Two offers, two different pricing conventions. Here's the math to translate factor rates into APR so you can compare apples to apples.
If you've gotten two offers — one quoting a 22% APR and one quoting a 1.28 factor rate — you've already hit the trickiest comparison in small business finance. They're priced in different units. Without converting them to the same scale, you can't tell which is actually cheaper. Here's the math, in plain English.
APR (Annual Percentage Rate) is the cost of borrowing expressed as a percentage of the principal, normalized to one year. A $50,000 loan at 22% APR over 24 months means roughly $11,000-12,000 in total interest, repaid in 24 monthly installments. Pay it off in month 12 instead of 24 and you save half the interest.
A factor rate is a multiplier on principal. 1.28 means you'll repay 1.28 × the amount funded — total. A $50,000 advance at a 1.28 factor means $64,000 total repayment, regardless of how fast you pay it.
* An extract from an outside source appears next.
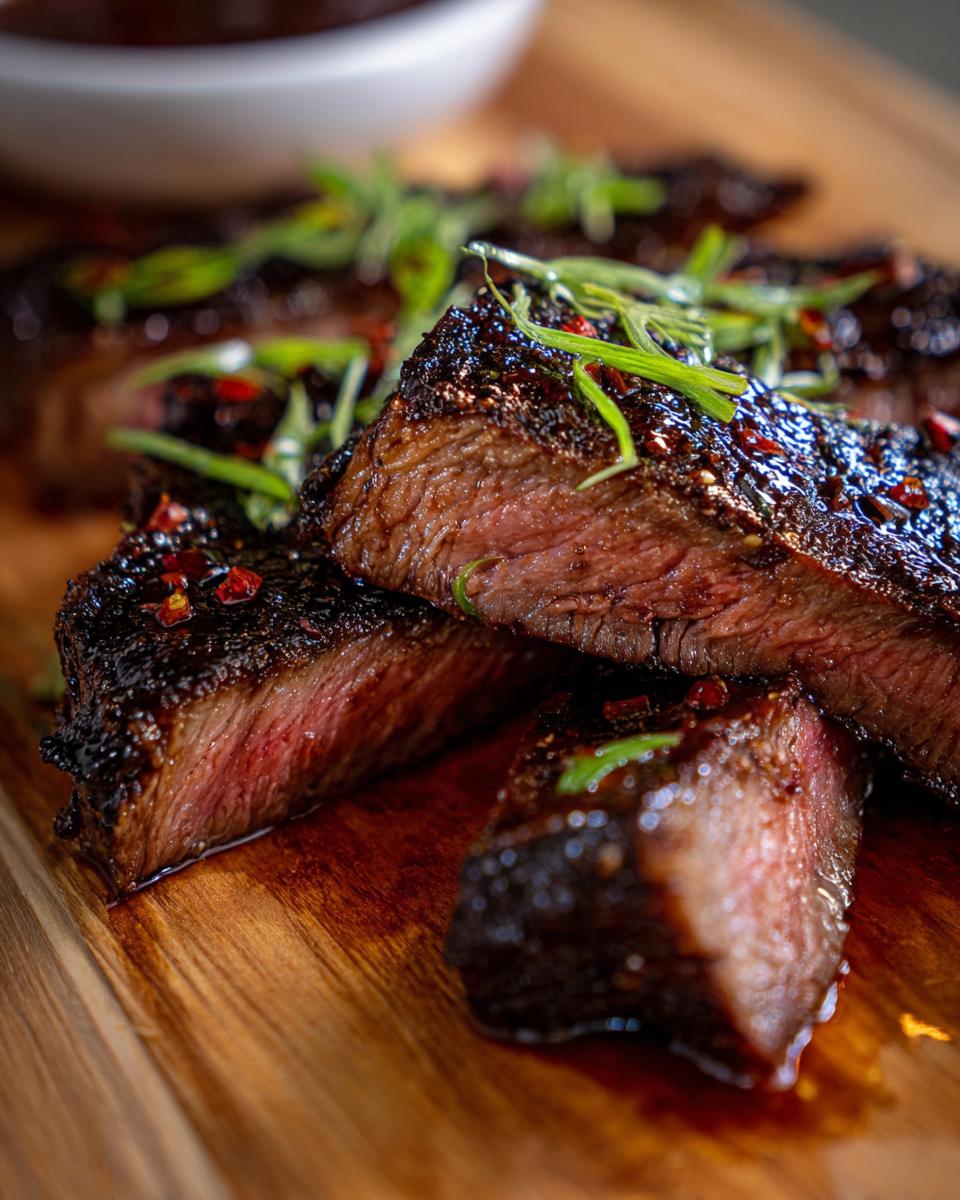 Close-up of perfectly cooked sliced steak with a glossy glaze and green garnish, served with an Easy Au Jus Recipe From Scratch.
Crucially: factor rates ignore time. A 1.28 over 12 months and a 1.28 over 6 months cost the same dollars but the second one is twice as expensive in APR-equivalent terms because your money is tied up half as long.
To convert a factor rate to an approximate APR, use:
APR ≈ (factor − 1) × (12 ÷ months of repayment) × 100
So 1.28 over 12 months → 0.28 × (12÷12) = 28% APR-equivalent. 1.28 over 9 months → 0.28 × (12÷9) ≈ 37% APR-equivalent. 1.28 over 18 months → 0.28 × (12÷18) ≈ 19%. Shorter terms compress the same fixed cost into less time, which raises the APR-equivalent.
This is an approximation — the precise APR involves the daily debit pattern and is slightly higher because you're paying down principal as you go. But it's accurate within a few percentage points and good enough for decision-making. For the full framework with worked examples, a HowTo methodology, and a calculator that surfaces both simple-cost AND effective amortizing APR, see Factor rate to APR — the real cost of MCAs and RBFs.
You have two offers for $50,000:
On total dollars, Offer A is about $1,700 cheaper. But Offer A repays over 24 months vs. 9 months, so its impact on monthly cash flow is much lighter ($2,594/mo vs. roughly $7,100/mo equivalent for the MCA's daily debits). Choose based on whether your business can absorb the heavier daily debit, not just the total dollar cost.
APR and factor rates aren't the same and can't be compared by eye. Run the conversion every time. ClearValue Lending presents every offer with both numbers visible by default — that's the bare minimum any honest funding platform or broker should do. The CFPB and FTC both publish guidance on small business financing cost transparency. For more on the underlying products, see MCA vs. bank loan and Short-term vs. long-term financing.
Use this approximation: APR ≈ (factor − 1) × (12 ÷ months of repayment) × 100. Example: a 1.30 factor over 9 months ≈ 0.30 × (12÷9) ≈ 40% APR-equivalent. A 1.30 over 18 months ≈ 0.30 × (12÷18) ≈ 20%. The true amortizing APR is slightly higher because daily debits pay down principal as you go, but this approximation is accurate within a few percentage points.
APR (Annual Percentage Rate) expresses cost as a percentage of principal, normalized to one year. It accrues over time, so paying off early reduces total cost. A factor rate is a fixed multiplier on principal — 1.30 means total repayment is 1.30× the funded amount, regardless of how fast you repay (unless the contract includes a prepayment discount).
MCAs are legally structured as the purchase of future receivables, not loans, so they fall outside the Truth in Lending Act's APR-disclosure requirements that apply to consumer credit. State commercial financing disclosure laws (CA, NY, VA, UT, GA) now require APR-equivalent disclosure on small business MCAs sold in those states; most states still don't.
No. A 1.20 over 6 months can be more expensive on an APR-equivalent basis than a 1.30 over 12 months, because the shorter term compresses the same fixed cost into less time. Always run the APR conversion and look at both total dollar cost and APR-equivalent before comparing offers.
Demand five numbers in writing: total dollar cost of capital, APR-equivalent (even on factor-rate offers), repayment schedule (monthly, weekly, daily), term length in months or business days, and prepayment treatment (discount, no change, or penalty). Any lender who can't or won't provide all five is a red flag.
Depends on the term. A 22% APR term loan over 24 months costs about $12,300 in interest ($2,594/month). A 1.28 factor MCA over 9 months costs $14,000 ($339/day debit). Total dollar cost is similar; cash-flow burden is very different — the MCA's daily debit equivalent is roughly $7,100/month. Choose based on whether your business can absorb the heavier daily debit.